281 sleep_in_us = srv_thread_sleep_delay;
282
283 /* Guard against overflow when adaptive sleep delay is on. */
284
285 if (srv_adaptive_max_sleep_delay > 0
286 && sleep_in_us > srv_adaptive_max_sleep_delay) {
287
288 sleep_in_us = srv_adaptive_max_sleep_delay;
289 srv_thread_sleep_delay = static_cast<ulong>(sleep_in_us);
290 }
291
292 os_thread_sleep(sleep_in_us);
293
294 trx->op_info = "";
295
296 ++n_sleeps;
297
298 if (srv_adaptive_max_sleep_delay > 0 && n_sleeps > 1) {
299 ++srv_thread_sleep_delay;
300 }
* The amount by which a thread sleeps is controlled by srv_thread_sleep_delay. We start with 10ms and move between 20us - 150ms (or configured value of srv_adaptive_max_sleep_delay). It is incremented if a thread has to sleep more than once (line 299). It is decremented if the thread has to sleep once (line 245). However, it is not decremented if the thread doesn't have to sleep at all. I think we should consider a 'no sleep' as a sign of well oiled system and decrement the count.
* srv_thread_sleep_delay is reduced to half (line 249) if there are no waiting threads. Typically, in a loaded system we'll have a continuous inflow of requests meaning there always will be some waiting thread i.e.: we're unlikely to hit line 249.
If we consider the above two conditions and assume a loaded server forcing threads to sleep and always having some threads in waiting state we'll end up in a spiral where srv_thread_sleep_delay will keep getting incremented and will never get decremented (or even if decrement happens it will be only for the few cases where n_sleeps == 1). Eventually our sleep time will climb to 150ms. Typically our stay inside InnoDB is much less than 150ms. This can potentially cause serious performance regression when compared with 5.5.
How to repeat:
I've tried simple sysbench in following way:
* 2 instances of sysbench. One running 100 threads doing random inserts and other running 200 threads doing random point select.

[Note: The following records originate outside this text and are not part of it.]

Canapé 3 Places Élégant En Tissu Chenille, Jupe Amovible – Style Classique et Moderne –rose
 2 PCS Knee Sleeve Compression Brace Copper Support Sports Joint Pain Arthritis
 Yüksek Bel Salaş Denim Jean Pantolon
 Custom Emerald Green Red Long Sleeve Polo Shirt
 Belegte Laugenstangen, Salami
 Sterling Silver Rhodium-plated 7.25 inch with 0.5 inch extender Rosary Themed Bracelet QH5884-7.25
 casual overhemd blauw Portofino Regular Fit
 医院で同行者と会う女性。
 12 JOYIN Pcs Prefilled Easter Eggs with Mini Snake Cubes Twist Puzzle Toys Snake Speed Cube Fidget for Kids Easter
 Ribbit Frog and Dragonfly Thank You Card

* Start with an empty table
* Set innodb_thread_concurrency = 8
* Compare results with that of 5.5
Suggested fix:
I think few things need to be considered:
* How much we sleep should be a random selection from a range
* Currently sleep interval is only function of number of sleeps. I think it should be a function of:
-- number of waiting threads
-- srv_thread_concurrency
-- some heuristic value on how much time we spend inside InnoDB during one dive
So, for example, if we have srv_thread_concurrency = 8 and we have 128 waiting threads and we have somehow calculated that threads are spending 500us inside InnoDB on avg. we can then reason that in worst case the thread we are putting to sleep has to wait (128/8) * 500 microseconds. We can then randomize sleep time between zero and this value to get some staggered middle value.